The Council’s response has been to shrug and point to declining international enrolment and revenue shortfalls, arguing that no employer can promise stability in such an unpredictable climate.

As Ontario’s publicly funded colleges inch toward a midnight strike deadline, the looming walkout of 10,000 support staff is more than a labour dispute it’s a warning flare for the entire post-secondary system.

For months, the Ontario Public Service Employees Union (OPSEU) has been pressing the College Employer Council for a contract that offers job security. Their demand isn’t radical: they want assurance that the people who keep campuses running admissions officers, IT technicians, library staff, student-services workers won’t be discarded like spare parts when enrolment dips.

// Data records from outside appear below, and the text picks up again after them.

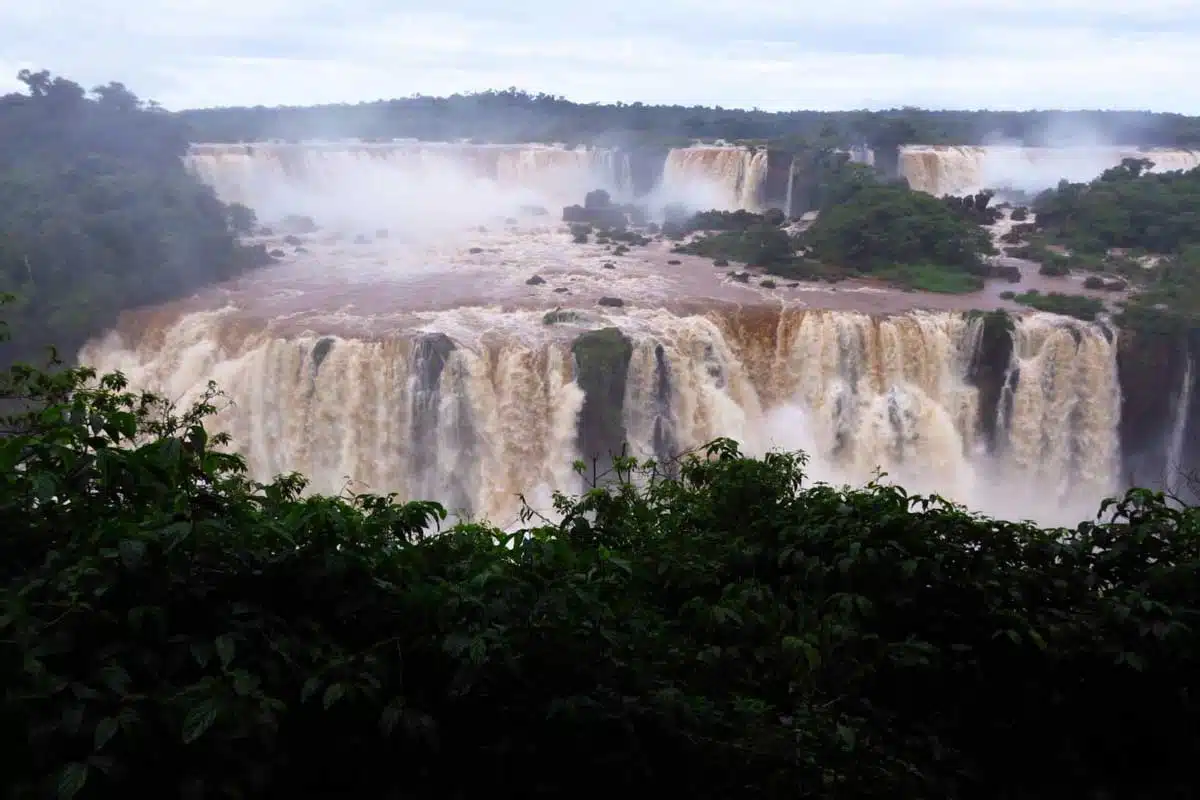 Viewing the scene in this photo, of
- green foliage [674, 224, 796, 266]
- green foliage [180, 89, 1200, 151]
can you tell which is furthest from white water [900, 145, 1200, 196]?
green foliage [674, 224, 796, 266]

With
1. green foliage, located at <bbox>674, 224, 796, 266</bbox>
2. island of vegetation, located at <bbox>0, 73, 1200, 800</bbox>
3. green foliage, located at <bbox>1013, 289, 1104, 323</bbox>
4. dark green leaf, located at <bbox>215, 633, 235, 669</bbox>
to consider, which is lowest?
green foliage, located at <bbox>1013, 289, 1104, 323</bbox>

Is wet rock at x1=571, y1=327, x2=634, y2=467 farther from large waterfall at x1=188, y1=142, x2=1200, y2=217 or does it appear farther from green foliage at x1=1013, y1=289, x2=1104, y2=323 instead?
large waterfall at x1=188, y1=142, x2=1200, y2=217

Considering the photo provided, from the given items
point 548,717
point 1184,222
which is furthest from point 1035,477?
point 548,717

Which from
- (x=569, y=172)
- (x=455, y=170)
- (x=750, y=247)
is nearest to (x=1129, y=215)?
(x=750, y=247)

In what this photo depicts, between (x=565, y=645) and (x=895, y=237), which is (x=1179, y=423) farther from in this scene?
(x=565, y=645)

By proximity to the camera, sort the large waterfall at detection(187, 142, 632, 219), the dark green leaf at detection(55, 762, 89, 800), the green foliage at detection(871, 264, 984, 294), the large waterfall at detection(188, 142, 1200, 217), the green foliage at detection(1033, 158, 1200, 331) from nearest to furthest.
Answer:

The Council’s response has been to shrug and point to declining international enrolment and revenue shortfalls, arguing that no employer can promise stability in such an unpredictable climate. But that reasoning only underscores the deeper problem: a funding model that leans far too heavily on international tuition dollars to subsidize core operations. When global student numbers drop, staff become the first casualty.

Yes, OPSEU’s push to prevent campus closures or mergers may sound ambitious in an era of fiscal belt-tightening. But it’s also a plea for long-term planning. If colleges are forced to shutter programs and slash services every time international markets shift, the very quality of education and the future of Ontario’s workforce will erode.

The Council calls the union’s demands “out of touch.” I’d argue it’s out of touch to treat education like a seasonal business. Stability isn’t a luxury for colleges; it’s the foundation that allows students to learn and communities to thrive.

Whether a deal is struck before midnight or picket lines form tomorrow, this standoff reveals a truth the province can’t ignore: Ontario’s college system is unsustainable when staff job security hinges on unpredictable enrolment trends. The government and college leadership need to confront that reality, not just for this bargaining round, but for the generations of students and workers who depend on a stable, well-supported system.